- **INSTRUCTIONS TO FOLLOW**
A verbatim copy of the data is wanted, minus any picture in it.

- **INFORMATION SUPPLIED**
* * *

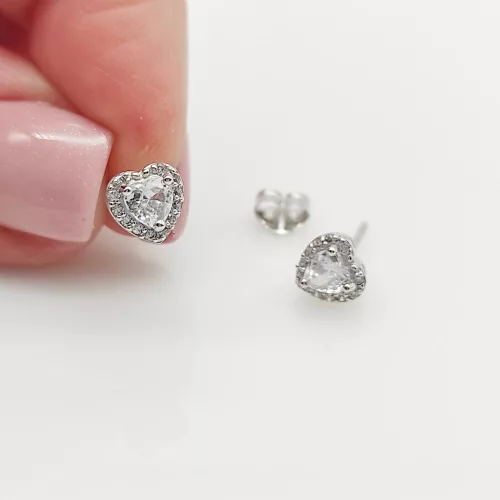 Fehér arany szív fülbevaló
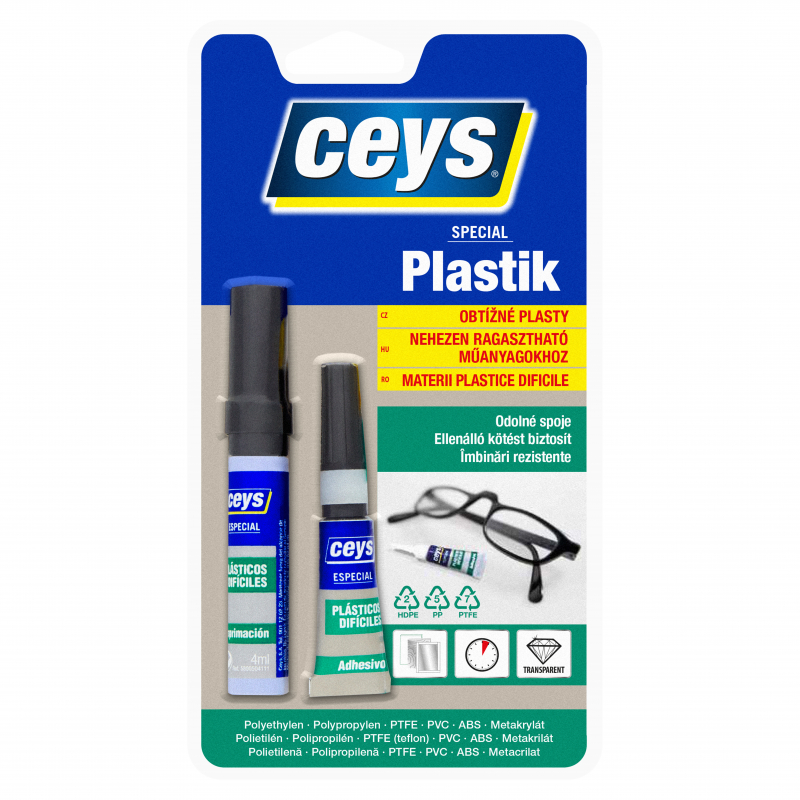 Lepidlo Ceys Special Plastik na obtížné tvrdé plasty, 3g+4ml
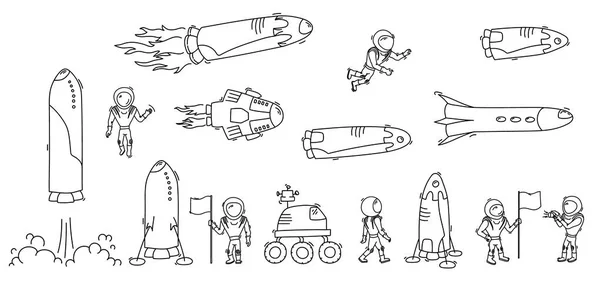 Serie di illustrazioni vettoriali di oggetti spaziali — Vettoriale Stock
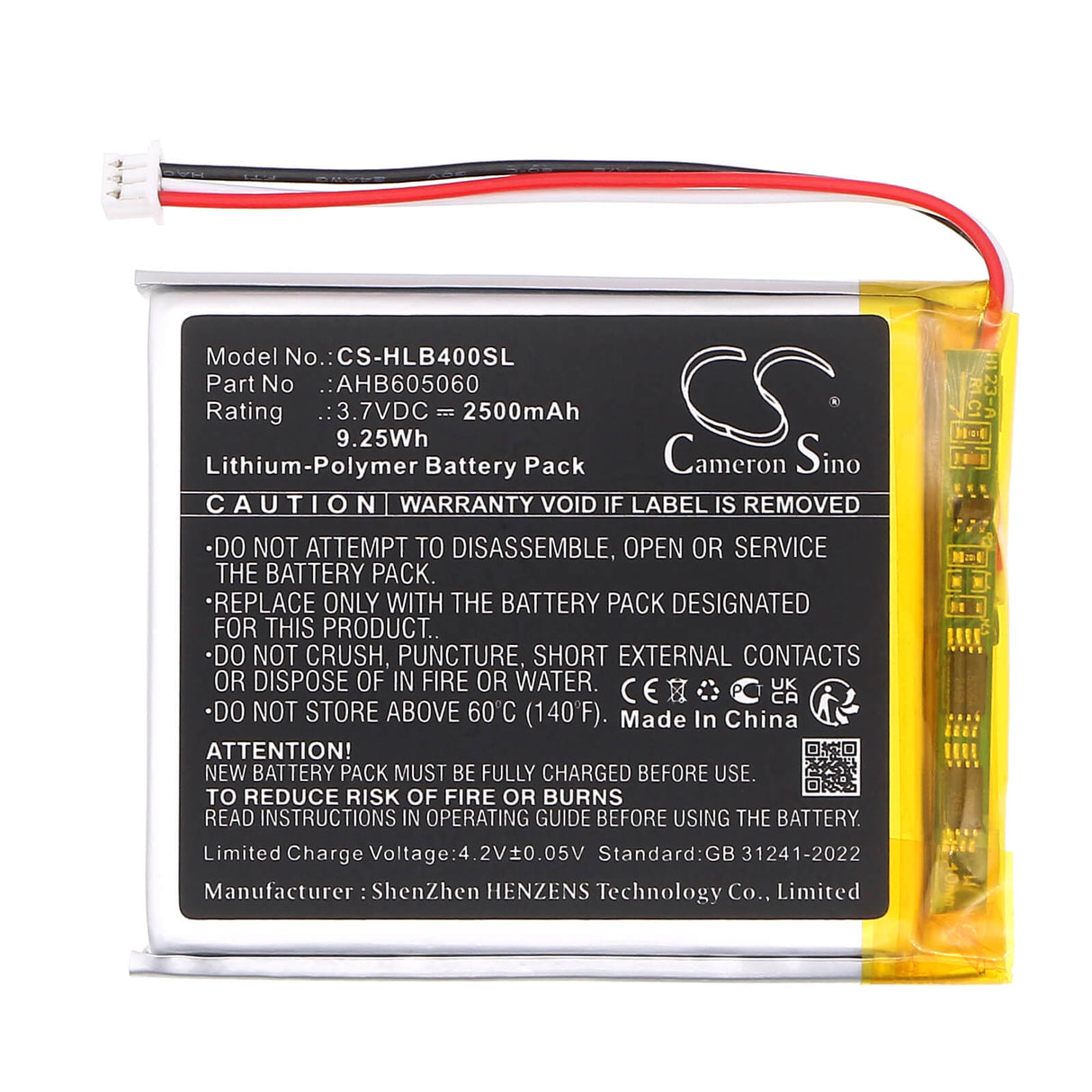 3,7V, Li-Polymer, 2500mAh, batterie BabyPhone compatible avec Hellobaby, Ahb605060, Moniteur Hb40, Moniteur Hb50, 9,25Wh BabyPhone Cameron Sino Technology Limited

* * *

- **ANSWER SPACE**
 Fehér arany szív fülbevaló
 Lepidlo Ceys Special Plastik na obtížné tvrdé plasty, 3g+4ml
 Serie di illustrazioni vettoriali di oggetti spaziali — Vettoriale Stock
 3,7V, Li-Polymer, 2500mAh, batterie BabyPhone compatible avec Hellobaby, Ahb605060, Moniteur Hb40, Moniteur Hb50, 9,25Wh BabyPhone Cameron Sino Technology Limited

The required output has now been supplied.